La méditation : de la relaxation à la science de l’être

Il convient de distinguer la méditation de l’ensemble des techniques de relaxation. Celles-ci s’occupent du bien-être par la détente du corps et de l’esprit tandis que la méditation est à l’opposé une tension de l’esprit visant à l’expression consciente de l’être. La confusion entre les deux pratiques provient de l’apparence, car elles se manifestent toutes deux par une immobilité apparente du corps, et du fait que dans sa première phase la méditation utilise la relaxation. Mais dès que le méditant acquiert un peu de calme et de capacité à « être présent » il doit s’efforcer de développer une grande concentration. La relaxation est détente du corps et de l’esprit, tandis que la méditation est l’endurante focalisation de l’esprit.

La méditation est un art, une pratique et une discipline de l’esprit.

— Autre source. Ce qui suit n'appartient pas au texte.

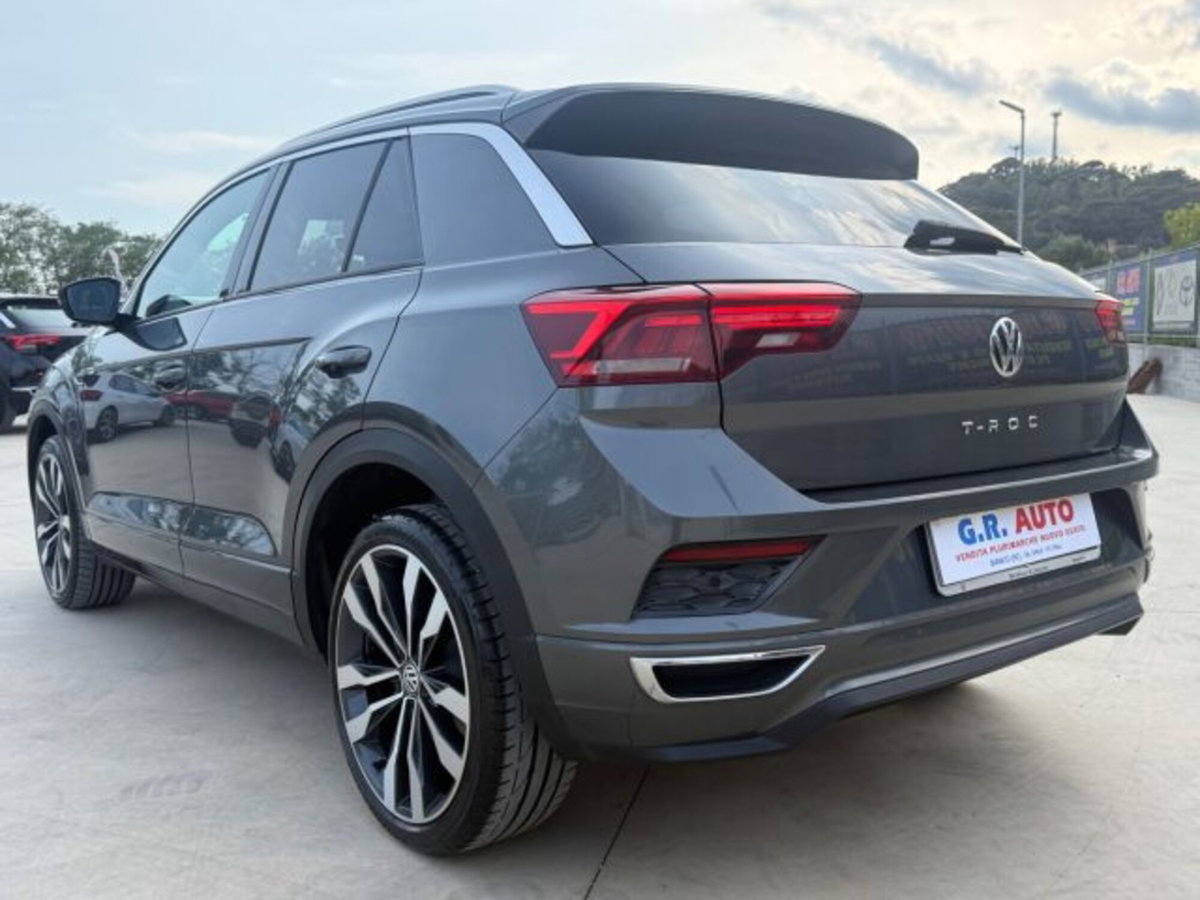 Volkswagen T-Roc 2.0 tdi R-Line 115cv (9)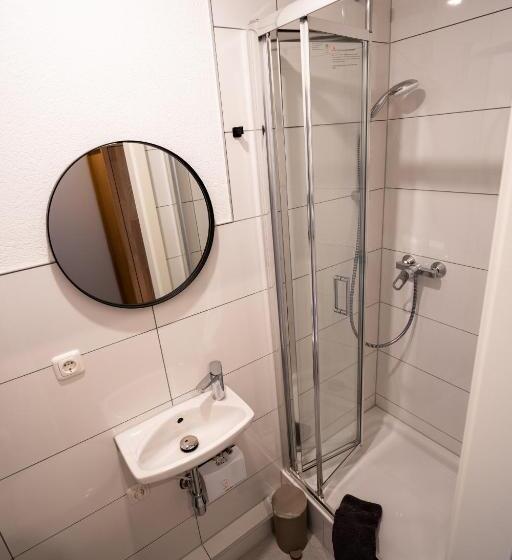 트리플 클래식 룸, Garni Moers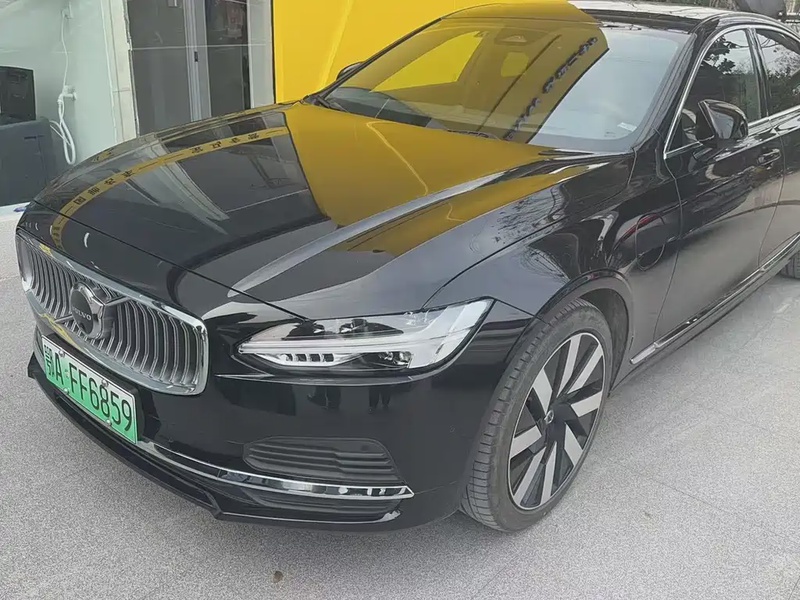 Volvo S90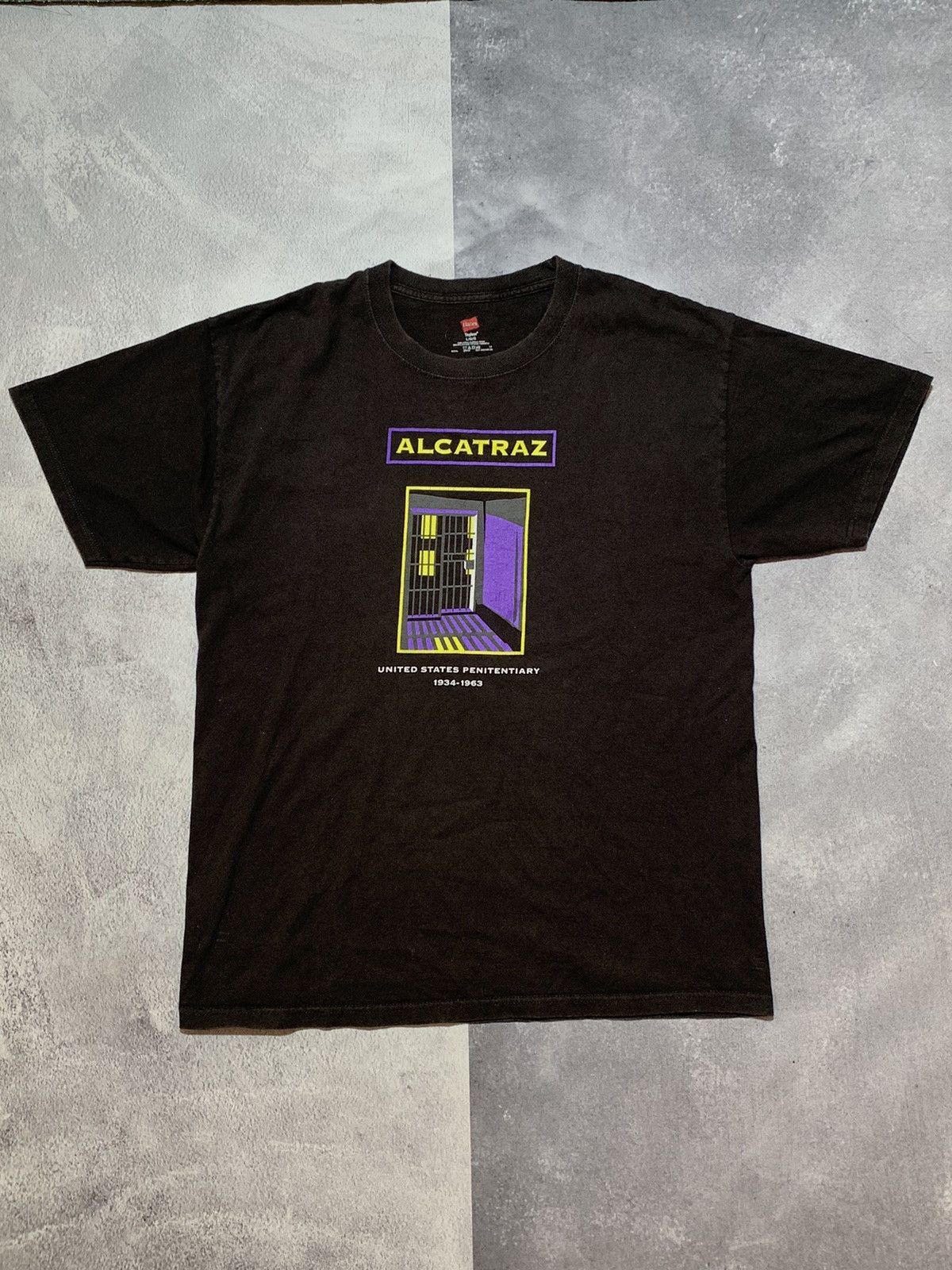 Vintage Vintage Y2K Alcatraz sun faded band tee big logo size L Size US L / EU 52-54 / 3 - 1 Thumbnail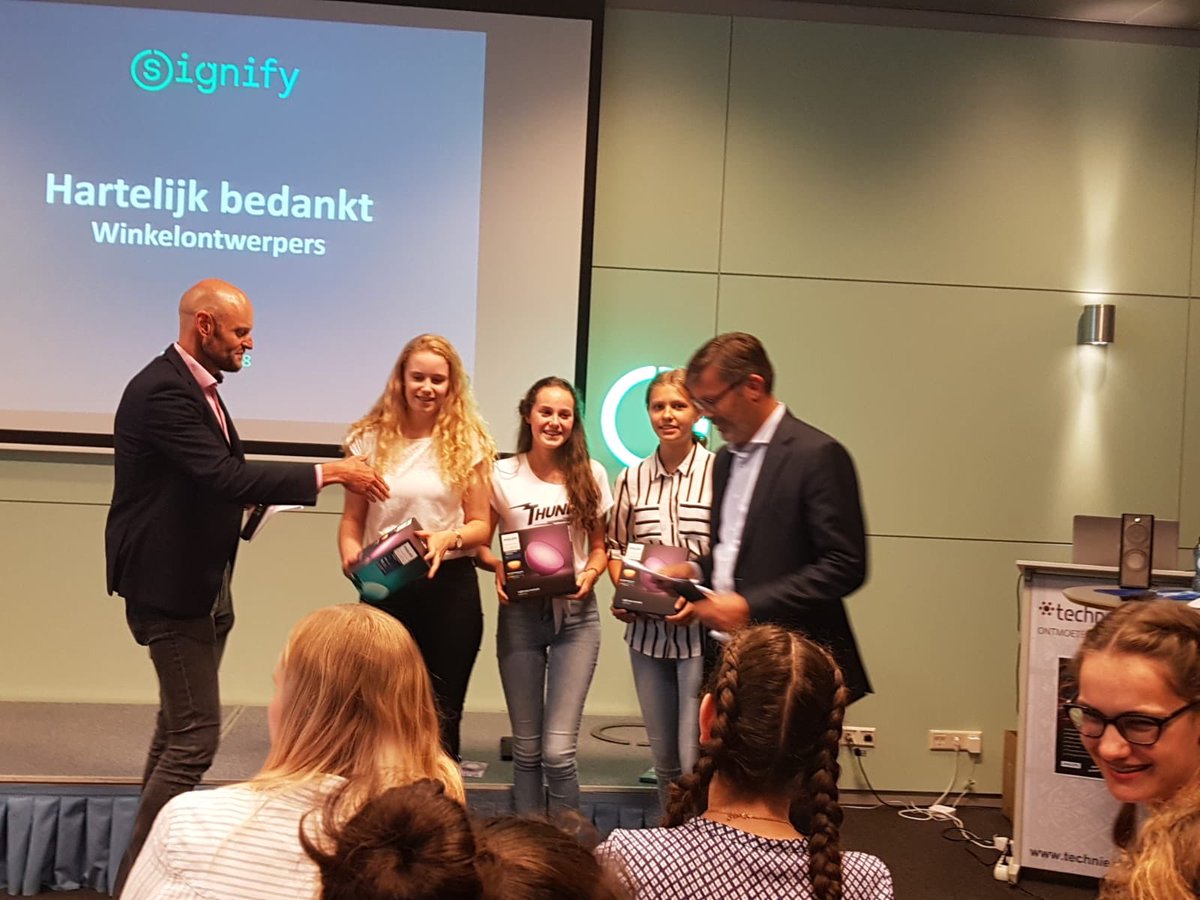 Varendoncknews's tweet photo. Woehoe! Onze leerlingen hebben de eerste en tweede prijs gewonnen bij de Grand Challenge van @Brainportschool! Gefeliciteerd, dames! #restaurantvandetoekomst #mirrorstore #vcasten https://t.co/0GXSy6qPnV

Cette pratique repose sur des traditions diverses dont certaines exigent une grande rigueur. Modernisées et débarrassées des dogmes philosophiques ou religieux, ces traditions peuvent donner naissance à une véritable science avec ses trois caractéristiques fondamentales : l’observation, l’expérimentation et les lois.

Tout en étant d’une grande rigueur, la méditation n’est pas une  science  exacte car elle ne se prête pas à des mesures aussi objectives que les sciences dites exactes, telle  la physique.

La méditation est l’art pratique de cette « science de l’être ».

Perception et interprétation

La méditation repose sur l’expérimentation. Les concepts et les théories n’ont d’intérêt que lorsqu’ils reposent sur des faits expérimentaux connus par ceux qui les abordent. Le concept de couleur ne fera jamais sens pour un aveugle quel que soit le talent de l’orateur.

Ainsi la méditation est abordée par l’observation de ce qui est perçu physiquement et mentalement. Dans cette discipline, on appelle « mental » le principe pensant qui est la cause de l’ensemble des phénomènes émotionnels et intellectuels. Volontairement, on ne distingue pas les émotions des pensées (en tous cas au début de la pratique méditative) car une telle distinction est déjà un concept qui éloigne le méditant de la perception objective de ce qui se passe en lui. Une « émotion » ou une « pensée rationnelle » est la description conceptuelle d’un phénomène, et non le phénomène lui-même.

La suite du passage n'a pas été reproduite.